TASK BRIEF: Each entry below is to be reproduced exactly, though any pictures it holds must be omitted.

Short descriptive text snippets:

------------

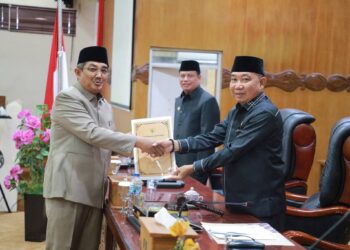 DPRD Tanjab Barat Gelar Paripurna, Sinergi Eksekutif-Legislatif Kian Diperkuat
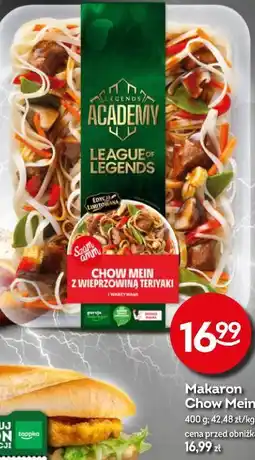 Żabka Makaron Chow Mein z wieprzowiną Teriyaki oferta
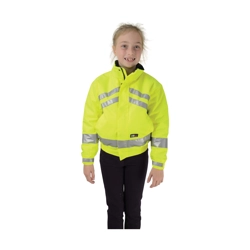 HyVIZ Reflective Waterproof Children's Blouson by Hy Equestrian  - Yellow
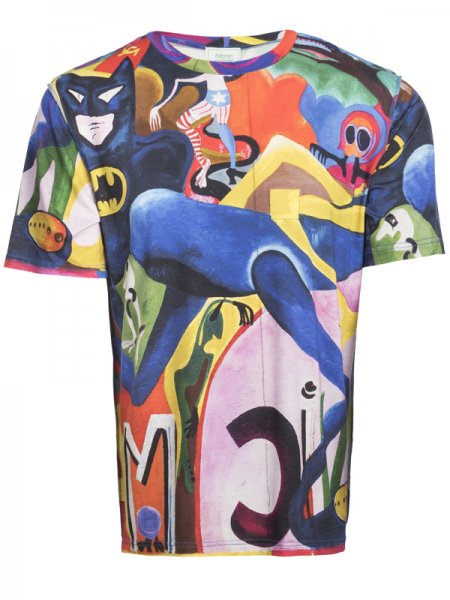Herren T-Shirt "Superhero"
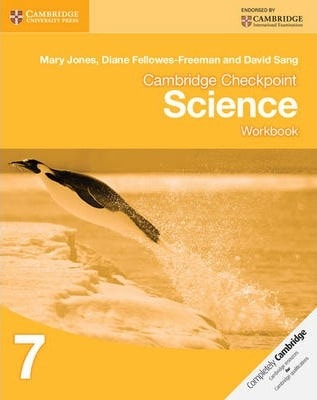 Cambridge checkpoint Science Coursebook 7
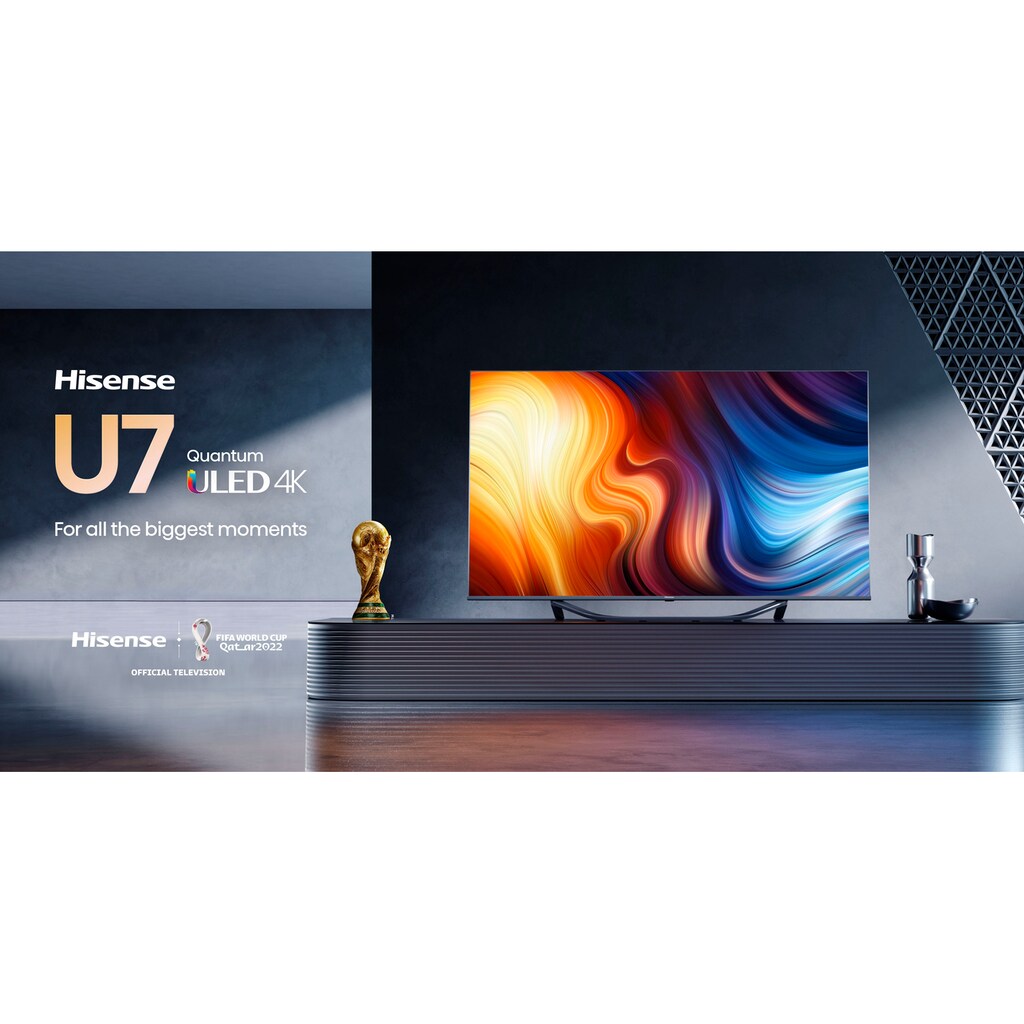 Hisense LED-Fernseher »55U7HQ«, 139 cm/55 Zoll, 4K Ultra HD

------------

SOLUTION TO THE EXERCISE:
 DPRD Tanjab Barat Gelar Paripurna, Sinergi Eksekutif-Legislatif Kian Diperkuat
 Żabka Makaron Chow Mein z wieprzowiną Teriyaki oferta
 HyVIZ Reflective Waterproof Children's Blouson by Hy Equestrian  - Yellow
Herren T-Shirt "Superhero"
 Cambridge checkpoint Science Coursebook 7
 Hisense LED-Fernseher »55U7HQ«, 139 cm/55 Zoll, 4K Ultra HD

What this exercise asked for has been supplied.